File header tags are presented in the following order, starting at the beginning of the file.
Type | Tag | Purpose |
File header start | <H0vv> | SBF file version information. (vv = 00 for initial version). This must be the first token of the file, if present. This is where a shift to Unicode may happen in the future. Any text before this tag is ignored. |
Long translation title | <H1> | Set the long title of the translation for printing at the beginning and for long window titles or headings. Should precede the main text of the Bible (i.e., The Holy Bible, Gods Living Word Translation; or American Standard Version). |
Translation abbreviation | <H2> | Set the short translation title or abbreviation (i. e., GLW, ASV, NASB 1995, NJB, Amplified, etc.) |
Copyright notice (short) | <H3> | Short copyright notice (minimal) if copyrighted or something like "KJV text is in the Public Domain." |
Copyright notice (long) | <H4> | Copyright and permissions notice (full text). The copyright notice ends when the next field (probably <TI>) starts. |
File body tags are used as necessary to mark the type of content of the text.
Type | Tag | Purpose |
Apocrypha | <BA> | Text of the Apocrypha/Deuterocanonical books |
Commentary | <BC> | Commentary (not normally used in Bible texts but in separate files with sync marks). |
Introduction to translation | <BI> | Notes to the reader, translation history, etc. |
New Testament Text | <BN> | Text of the 27 books of the New Testament |
Old Testament Text | <BO> | Text of the 39 books of the Old Testament |
Book Preface | <BP> | Ancient or recent preface to a book of the Bible or Apocrypha |
File tail tags must be in the following order:
Type | Tag | Purpose |
Check value | <ZW> | Check value (SHA-1 hash of all lines from the beginning of the file to just before this line). Followed by 32 hexadecimal digits. SBF readers should reject any SBF File that fails this validation check. The hash value may optionally be followed by a DSS digital signature. |
Digital Signature | <ZX> | DSS Signature of file from <H0vv> to before <ZW> |
Registered user ID. | <ZY> | The user ID, name, organization, and check value of the registered user are encoded in this section. |
End of file | <ZZ> | Stop reading here. |
Type | Start Tag | Stop Tag | Purpose |
Psalm Book Title | <TB> | <Tb> | Mark the beginnings of the 5 books of Psalms |
Comment | <TC> | <Tc> | Ignore text in this section for any display or conversion use. |
Hebrew Title | <TH> | <Th> | Hebrew titles of psalms. The Hebrew title should come right after the sync marker for verse 1. |
Section header | <TS> | <Ts> | Translators or publishers section headers |
Book title | <TT> | <Tt> | Full title of the current book as it is to be displayed, i. e. "The Good News According to John" |
Font Attributes
Text attribute tag pairs are inserted into the text as necessary to indicate text attributes like italics. These may or may not be properly represented in all Bible viewers due to platform limitations. All of these text attributes are assumed to be off at the beginning of each chapter unless the start tag is explicitly repeated after the chapter sync mark.

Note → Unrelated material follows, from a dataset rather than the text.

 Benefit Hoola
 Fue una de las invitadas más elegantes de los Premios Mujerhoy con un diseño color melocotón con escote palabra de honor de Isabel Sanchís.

Attribute | Start tag | Stop tag |
Bold | <FB> | <Fb> |
Small Caps | <FC> | <Fc> |
Italics | <FI> | <Fi> |
Font name | <FNname> | <Fn> |
Old Testament quote | <FO> | <Fo> |
Red (words of Jesus) | <FR> | <Fr> |
Superscript | <FS> | <Fs> |
Underline | <FU> | <Fu> |
Subscript | <FV> | <Fv> |
Paragraph Attributes
These tags describe attributes of paragraphs, like justification, indenting, etc. All of these attributes are assumed to be in the default state (non-indented prose, left justified, direction left-to-right) at the beginning of each chapter unless the appropriate start tag is repeated after the chapter sync mark. Justification tags are mutually exclusive, as are direction tags.
Attribute | Start Tag | Stop Tag | Comment |
Direction left-to-right (default) | <DL> | European & American languages | |
Direction right-to-left | <DR> | Hebrew, Arabic, etc. | |
Direction top-to-bottom | <DT> | Mandarin, etc. | |
Justify Center | <JC> | Useful for titles. | |
Justify Full | <JF> | Might map to left justification. | |
Justify Left | <JL> | The default method of justification. | |
Justify Right | <JR> | For "selah" | |
Indented quote | <PI> | <Pi> | Indented extended quotation. |
Poetry | <PP> | <Pp> | Describes poetry (like in Psalms). |
Information Tags
These tags provide various additional pieces of information about the text that are intended to be displayed on demand with a right mouse click, in a separate window, or at the bottom of a page. The start and stop tags indicate a range of words over which the footnote or reference apply. The sequence indicators shown as "seq" below are used to match the start and stop tags in case of overlapping references, and is a short string of numbers or letters that are guaranteed to be unique in the range of text they cover.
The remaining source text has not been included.